L'électrophorèse sur gel de dalle (SGE) est la méthode la plus commune pour la séparation des fragments d'ADN; Ainsi, il est largement appliqué au domaine de la biologie et d'autres. Cependant, le protocole SGE traditionnel est assez fastidieux, et l'expérience prend beaucoup de temps. De plus, la consommation chimique dans les expériences SGE est très élevée. Ce travail propose une méthode simple pour la séparation des fragments d'ADN basée sur une puce SGE. La puce est fabriquée par une machine à gravure. Deux feuilles de plastique sont utilisées pour les longueurs d'onde d'excitation et d'émission du signal optique. Le signal de fluorescence des bandes d'ADN est collecté par un smartphone. Pour valider cette méthode, des échelles d'ADN de 50, 100 et 1000 pb ont été séparées.
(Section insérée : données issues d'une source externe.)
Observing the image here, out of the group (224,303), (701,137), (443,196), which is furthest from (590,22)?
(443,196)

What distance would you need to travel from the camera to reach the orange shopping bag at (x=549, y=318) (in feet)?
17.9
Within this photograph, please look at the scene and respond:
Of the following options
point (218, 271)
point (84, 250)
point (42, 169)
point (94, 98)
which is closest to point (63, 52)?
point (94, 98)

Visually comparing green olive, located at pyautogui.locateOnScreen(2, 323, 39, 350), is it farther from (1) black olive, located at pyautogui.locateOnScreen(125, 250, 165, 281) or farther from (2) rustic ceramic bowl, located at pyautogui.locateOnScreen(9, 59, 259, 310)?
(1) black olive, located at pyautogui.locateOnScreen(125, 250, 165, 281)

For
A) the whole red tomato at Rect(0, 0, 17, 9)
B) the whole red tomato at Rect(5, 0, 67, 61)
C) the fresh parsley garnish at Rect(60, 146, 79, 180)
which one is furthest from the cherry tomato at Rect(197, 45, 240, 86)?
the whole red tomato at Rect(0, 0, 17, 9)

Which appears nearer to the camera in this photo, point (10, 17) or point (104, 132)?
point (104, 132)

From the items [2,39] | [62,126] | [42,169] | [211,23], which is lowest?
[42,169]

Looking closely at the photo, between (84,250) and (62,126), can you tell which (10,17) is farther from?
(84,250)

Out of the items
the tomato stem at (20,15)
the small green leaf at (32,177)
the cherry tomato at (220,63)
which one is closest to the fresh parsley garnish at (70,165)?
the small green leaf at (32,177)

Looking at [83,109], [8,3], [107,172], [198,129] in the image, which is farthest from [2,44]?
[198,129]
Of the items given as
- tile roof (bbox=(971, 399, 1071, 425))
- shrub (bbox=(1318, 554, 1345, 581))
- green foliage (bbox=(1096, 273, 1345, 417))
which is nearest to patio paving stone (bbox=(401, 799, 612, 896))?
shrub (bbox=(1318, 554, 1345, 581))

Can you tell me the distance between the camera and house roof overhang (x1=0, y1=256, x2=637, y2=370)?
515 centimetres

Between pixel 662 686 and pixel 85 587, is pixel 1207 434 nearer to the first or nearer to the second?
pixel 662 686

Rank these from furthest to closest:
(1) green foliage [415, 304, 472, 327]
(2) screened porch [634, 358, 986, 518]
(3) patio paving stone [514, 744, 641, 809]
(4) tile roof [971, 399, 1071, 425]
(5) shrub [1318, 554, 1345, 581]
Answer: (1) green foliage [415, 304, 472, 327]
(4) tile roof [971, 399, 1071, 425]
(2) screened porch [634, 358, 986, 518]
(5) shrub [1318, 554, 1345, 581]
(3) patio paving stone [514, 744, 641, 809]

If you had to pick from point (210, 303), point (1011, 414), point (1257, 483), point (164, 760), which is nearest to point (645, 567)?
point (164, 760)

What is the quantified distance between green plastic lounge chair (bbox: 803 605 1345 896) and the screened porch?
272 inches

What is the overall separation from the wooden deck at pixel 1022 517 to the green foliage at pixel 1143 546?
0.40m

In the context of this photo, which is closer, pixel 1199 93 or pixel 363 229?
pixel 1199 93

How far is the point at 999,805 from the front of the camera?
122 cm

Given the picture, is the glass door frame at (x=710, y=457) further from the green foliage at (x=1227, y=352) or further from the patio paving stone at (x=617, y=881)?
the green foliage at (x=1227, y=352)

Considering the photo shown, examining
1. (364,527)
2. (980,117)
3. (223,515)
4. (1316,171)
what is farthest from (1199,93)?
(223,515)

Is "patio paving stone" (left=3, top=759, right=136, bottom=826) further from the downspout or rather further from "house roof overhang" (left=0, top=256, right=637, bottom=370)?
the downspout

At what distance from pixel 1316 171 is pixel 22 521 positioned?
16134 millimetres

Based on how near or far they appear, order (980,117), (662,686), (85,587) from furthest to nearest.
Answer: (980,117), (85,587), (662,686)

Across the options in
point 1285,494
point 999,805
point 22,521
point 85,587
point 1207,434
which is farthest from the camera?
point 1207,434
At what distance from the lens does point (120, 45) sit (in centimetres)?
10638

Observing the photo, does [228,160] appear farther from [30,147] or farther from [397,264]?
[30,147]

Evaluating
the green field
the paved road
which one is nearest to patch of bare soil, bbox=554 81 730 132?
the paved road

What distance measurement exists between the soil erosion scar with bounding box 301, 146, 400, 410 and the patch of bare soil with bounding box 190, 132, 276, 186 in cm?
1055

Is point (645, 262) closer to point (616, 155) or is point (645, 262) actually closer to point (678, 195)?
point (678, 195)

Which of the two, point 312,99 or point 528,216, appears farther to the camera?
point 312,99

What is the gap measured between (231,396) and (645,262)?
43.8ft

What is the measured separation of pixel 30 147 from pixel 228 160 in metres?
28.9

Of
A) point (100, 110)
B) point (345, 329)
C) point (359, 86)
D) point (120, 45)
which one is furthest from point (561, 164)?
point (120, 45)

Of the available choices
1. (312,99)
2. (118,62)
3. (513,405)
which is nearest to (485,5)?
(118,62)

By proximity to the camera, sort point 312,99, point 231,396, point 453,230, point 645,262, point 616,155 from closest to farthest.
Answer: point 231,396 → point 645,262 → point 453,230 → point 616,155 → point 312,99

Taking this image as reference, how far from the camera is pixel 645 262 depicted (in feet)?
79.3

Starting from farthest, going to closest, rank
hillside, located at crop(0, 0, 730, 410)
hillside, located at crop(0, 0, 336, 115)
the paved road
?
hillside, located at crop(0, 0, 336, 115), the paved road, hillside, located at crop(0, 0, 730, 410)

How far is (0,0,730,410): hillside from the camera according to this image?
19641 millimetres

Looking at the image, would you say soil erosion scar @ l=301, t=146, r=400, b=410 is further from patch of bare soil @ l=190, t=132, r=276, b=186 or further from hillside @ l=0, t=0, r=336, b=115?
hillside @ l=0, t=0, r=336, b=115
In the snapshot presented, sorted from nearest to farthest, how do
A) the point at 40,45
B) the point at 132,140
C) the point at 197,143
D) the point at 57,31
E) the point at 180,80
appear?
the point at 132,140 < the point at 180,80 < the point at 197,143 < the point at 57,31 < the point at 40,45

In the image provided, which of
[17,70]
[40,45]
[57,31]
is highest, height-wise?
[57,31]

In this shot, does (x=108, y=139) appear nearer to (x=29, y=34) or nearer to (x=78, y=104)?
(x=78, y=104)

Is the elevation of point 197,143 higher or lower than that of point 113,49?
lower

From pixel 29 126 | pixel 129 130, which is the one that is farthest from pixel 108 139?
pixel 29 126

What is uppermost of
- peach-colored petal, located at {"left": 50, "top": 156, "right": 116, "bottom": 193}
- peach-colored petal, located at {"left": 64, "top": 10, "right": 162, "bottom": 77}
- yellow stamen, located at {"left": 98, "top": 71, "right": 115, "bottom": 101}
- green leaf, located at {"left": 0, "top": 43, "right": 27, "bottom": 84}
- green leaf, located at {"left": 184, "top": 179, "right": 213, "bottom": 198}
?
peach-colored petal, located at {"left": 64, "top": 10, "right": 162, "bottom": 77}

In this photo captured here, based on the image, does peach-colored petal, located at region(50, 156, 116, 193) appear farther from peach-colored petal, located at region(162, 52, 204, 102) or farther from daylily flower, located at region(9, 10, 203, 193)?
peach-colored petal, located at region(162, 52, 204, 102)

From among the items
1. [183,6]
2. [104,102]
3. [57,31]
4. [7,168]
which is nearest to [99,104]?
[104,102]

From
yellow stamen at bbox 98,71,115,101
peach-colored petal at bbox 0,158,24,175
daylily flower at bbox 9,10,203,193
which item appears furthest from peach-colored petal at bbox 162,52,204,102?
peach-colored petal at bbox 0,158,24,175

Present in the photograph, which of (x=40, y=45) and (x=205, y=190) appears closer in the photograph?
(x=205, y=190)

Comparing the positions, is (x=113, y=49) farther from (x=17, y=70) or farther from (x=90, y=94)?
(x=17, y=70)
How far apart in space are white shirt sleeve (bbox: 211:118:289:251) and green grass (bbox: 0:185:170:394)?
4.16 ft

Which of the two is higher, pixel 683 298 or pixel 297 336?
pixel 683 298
Les résultats démontrent qu'une échelle d'ADN inférieure à 5 000 pb peut être résolue en 12 min et à haute résolution lors de l'utilisation de cette méthode, ce qui indique qu'il est un substitut idéal de la méthode SGE traditionnelle.

Introduction

L'électrophorèse sur gel de dalle (SGE) est la méthode la plus efficace pour la séparation des fragments d'ADN 1 , 2 , 3 , 4 , 5 et est donc considéré comme un outil polyvalent dans les analyses biochimiques et biologiques 6 , 7 , 8 . Cependant, de nombreuses expériences indiquent que SGE est restreinte par les quatre problèmes suivants: (1) les séparations prennent beaucoup d'heures et même des jours; (2) la consommation chimique est très élevée; (3) il nécessite un appareil compliqué ( par exemple, cellule électrophorèse 2D, alimentation électrique et système d'imagerie en gel); (4) le système d'imagerie en gel ne peut observer que les fragments d'ADN séparés lorsque l'expérience est terminée. En outre, le bromure d'éthidium (EtBr), qui est couramment utilisé dans le SGE 9 ,Ass = "xref"> 10, est mutagène et cancérogène 11 , 12 . Ainsi, les gants doivent toujours être portés lors de la distribution de gels contenant EtBr.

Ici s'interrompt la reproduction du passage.